Among Ghosts
- Cover of first edition
- Author: Rachel Hartman
- Genre: Young adult fantasy novel
- Publisher: Random House
- Publication date: June 24, 2025
- Media type: Print (hardcover and electronic book) and audio-CD
- Pages: 400
- ISBN: 0593813723

= Among Ghosts =

2025 novel by Rachel Hartman

Among Ghosts is a 2025 fantasy novel by Rachel Hartman. It is set in the same world as Hartman's other works, including Seraphina and Tess of the Road, but the events in the novel take place about 100 years before those books. It was published by Random House on June 24, 2025.

==Synopsis==
Thirteen-year-old Charl and his mother, Eileen, live in muddy, unattractive St. Muckle's, in the valley of the Sowline river, an out-of-the-way location so remote that not even dragons bother attacking it. The rule in St. Muckle's is that anyone who lives for a year and a day within the city walls is free from their previous life and obligations, a law intended to help peasants on the run, but which Charl and his mother (and several of his mother's friends) have taken advantage of as well. They are in hiding from Charl's father, the abusive, bellicose Earl of Ucht, and it seems a safe bet that after seven years, he's no longer looking for them.

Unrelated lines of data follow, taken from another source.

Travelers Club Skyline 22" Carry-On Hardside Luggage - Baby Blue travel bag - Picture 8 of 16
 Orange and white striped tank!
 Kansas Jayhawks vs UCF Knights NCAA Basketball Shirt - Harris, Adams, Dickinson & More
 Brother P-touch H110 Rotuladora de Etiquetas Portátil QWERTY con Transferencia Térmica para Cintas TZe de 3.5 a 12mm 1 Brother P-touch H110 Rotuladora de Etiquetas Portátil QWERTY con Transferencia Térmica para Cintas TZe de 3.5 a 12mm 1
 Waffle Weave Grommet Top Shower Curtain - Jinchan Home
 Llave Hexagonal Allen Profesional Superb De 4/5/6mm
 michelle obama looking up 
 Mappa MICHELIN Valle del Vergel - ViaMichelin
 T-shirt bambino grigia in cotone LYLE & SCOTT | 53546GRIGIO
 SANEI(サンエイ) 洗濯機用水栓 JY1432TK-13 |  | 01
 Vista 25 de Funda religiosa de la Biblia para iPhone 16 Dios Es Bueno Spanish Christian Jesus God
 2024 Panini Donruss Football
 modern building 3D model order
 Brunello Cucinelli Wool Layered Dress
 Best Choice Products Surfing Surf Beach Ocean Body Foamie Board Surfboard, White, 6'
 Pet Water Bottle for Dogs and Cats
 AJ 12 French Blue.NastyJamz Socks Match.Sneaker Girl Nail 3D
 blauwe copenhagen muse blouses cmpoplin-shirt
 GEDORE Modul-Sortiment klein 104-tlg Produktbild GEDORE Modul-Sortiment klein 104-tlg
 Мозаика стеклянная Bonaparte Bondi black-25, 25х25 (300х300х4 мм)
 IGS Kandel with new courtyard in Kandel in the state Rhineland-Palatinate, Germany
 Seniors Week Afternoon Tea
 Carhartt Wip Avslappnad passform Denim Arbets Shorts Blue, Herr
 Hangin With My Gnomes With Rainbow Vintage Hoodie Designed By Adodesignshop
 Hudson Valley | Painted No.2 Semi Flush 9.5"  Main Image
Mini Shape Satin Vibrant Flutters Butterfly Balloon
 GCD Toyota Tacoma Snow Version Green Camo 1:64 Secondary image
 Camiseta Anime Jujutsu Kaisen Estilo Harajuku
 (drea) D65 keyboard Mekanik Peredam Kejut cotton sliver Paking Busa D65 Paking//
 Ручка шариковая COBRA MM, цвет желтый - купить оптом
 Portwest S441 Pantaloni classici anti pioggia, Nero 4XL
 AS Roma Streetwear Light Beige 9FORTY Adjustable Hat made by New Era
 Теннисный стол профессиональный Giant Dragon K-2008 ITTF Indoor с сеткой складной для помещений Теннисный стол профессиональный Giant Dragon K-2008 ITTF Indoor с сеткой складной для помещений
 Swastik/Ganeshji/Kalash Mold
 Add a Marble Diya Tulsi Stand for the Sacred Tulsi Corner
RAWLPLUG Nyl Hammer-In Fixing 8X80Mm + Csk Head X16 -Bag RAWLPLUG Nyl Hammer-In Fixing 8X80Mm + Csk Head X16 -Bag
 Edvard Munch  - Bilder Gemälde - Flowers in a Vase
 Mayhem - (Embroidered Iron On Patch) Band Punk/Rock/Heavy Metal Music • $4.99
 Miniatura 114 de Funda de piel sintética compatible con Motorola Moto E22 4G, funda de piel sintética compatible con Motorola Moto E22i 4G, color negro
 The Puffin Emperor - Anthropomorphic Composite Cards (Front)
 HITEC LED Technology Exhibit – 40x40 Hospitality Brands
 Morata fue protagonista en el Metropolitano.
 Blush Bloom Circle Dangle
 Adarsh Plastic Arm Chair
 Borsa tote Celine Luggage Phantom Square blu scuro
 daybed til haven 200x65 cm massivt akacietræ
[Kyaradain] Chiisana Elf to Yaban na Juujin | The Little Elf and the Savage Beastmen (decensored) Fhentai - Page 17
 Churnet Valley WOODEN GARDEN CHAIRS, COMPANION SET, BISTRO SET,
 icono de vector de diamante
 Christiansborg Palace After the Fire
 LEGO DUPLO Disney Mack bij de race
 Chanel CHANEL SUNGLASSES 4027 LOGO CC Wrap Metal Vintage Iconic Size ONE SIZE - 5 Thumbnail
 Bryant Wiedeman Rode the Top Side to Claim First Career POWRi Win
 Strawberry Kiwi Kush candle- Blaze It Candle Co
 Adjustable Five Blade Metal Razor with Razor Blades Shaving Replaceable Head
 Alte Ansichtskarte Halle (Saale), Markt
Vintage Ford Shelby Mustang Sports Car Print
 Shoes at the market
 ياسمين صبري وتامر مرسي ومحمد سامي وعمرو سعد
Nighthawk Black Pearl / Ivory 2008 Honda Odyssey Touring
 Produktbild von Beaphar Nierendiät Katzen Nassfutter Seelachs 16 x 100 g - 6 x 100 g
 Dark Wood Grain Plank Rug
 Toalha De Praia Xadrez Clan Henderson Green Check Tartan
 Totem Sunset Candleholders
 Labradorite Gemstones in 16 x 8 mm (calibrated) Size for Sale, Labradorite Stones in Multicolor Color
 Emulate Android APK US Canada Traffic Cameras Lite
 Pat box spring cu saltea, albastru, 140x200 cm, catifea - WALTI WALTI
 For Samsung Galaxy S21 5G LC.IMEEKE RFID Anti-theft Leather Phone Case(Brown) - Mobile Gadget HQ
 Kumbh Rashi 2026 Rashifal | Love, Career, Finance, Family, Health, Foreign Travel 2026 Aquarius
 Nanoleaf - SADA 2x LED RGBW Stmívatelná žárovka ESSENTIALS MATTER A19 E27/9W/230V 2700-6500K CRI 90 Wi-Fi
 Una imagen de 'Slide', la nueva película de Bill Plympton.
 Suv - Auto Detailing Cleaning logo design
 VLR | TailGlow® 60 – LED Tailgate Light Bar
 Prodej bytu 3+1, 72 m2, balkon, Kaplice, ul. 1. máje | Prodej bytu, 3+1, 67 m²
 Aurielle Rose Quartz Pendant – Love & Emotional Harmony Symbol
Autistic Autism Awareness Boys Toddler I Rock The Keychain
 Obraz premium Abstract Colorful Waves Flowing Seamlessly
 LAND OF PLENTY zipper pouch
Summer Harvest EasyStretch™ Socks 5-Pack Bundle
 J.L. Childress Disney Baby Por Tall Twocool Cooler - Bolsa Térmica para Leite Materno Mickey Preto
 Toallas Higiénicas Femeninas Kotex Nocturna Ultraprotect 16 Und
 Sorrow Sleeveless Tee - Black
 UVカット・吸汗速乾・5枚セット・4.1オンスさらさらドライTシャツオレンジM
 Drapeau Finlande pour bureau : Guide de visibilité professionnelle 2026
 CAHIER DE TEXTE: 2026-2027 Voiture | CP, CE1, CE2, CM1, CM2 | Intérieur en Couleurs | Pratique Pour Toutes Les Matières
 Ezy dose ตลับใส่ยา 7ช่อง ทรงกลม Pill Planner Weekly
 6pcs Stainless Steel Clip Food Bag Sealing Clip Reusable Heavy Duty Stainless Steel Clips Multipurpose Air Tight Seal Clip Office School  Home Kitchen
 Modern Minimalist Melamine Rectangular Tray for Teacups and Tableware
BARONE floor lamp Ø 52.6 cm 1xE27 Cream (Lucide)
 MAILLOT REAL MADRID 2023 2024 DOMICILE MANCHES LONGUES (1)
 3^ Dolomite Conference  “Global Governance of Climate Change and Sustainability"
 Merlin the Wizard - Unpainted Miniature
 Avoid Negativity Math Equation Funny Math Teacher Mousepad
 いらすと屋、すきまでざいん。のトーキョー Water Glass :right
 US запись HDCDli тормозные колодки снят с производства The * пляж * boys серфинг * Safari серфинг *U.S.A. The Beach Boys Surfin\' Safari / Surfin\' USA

That bet, however, would be wrong. Strange things start happening in St. Muckle's. An unfortunate accident is quickly followed by murder, a beetle-bourne plague (helped on by a mysterious stranger), and finally a dragon attack. Three mercenaries have been sent by Earl Ucht to fetch his son home and destroy everything Eileen has worked for. With the help of an elderly nun, Mother Trude, Charl manages to escape to the Old Abbey, a ruined and thoroughly haunted monastery halfway up the mountain. But ghosts may be the least of his problems, because his father's hired assassins soon figure out he's no longer in St. Muckle's, and Mother Trude is definitely not what she seems. With help from a chorus of dead girls and the ghost of the notorious Battle Bishop, Charl must draw on all his courage and wisdom to foil his father's mercenaries and find his way back to the people he loves.

==Reception==
School Library Journal awarded Among Ghosts a starred review, writing "Exquisite prose carves a place in readers’ hearts for the nuanced characters of St. Muckle’s as they navigate themes of power, misinformation, and the duty people have to one another and to the greater community", and labelled the book "an engrossing, thoughtful fantasy on the human condition—with dragons."
Kirkus Reviews claimed "The setting and backstory are richly developed, and though the novel is set in the world of Hartman’s Seraphina series, no knowledge of those works is needed."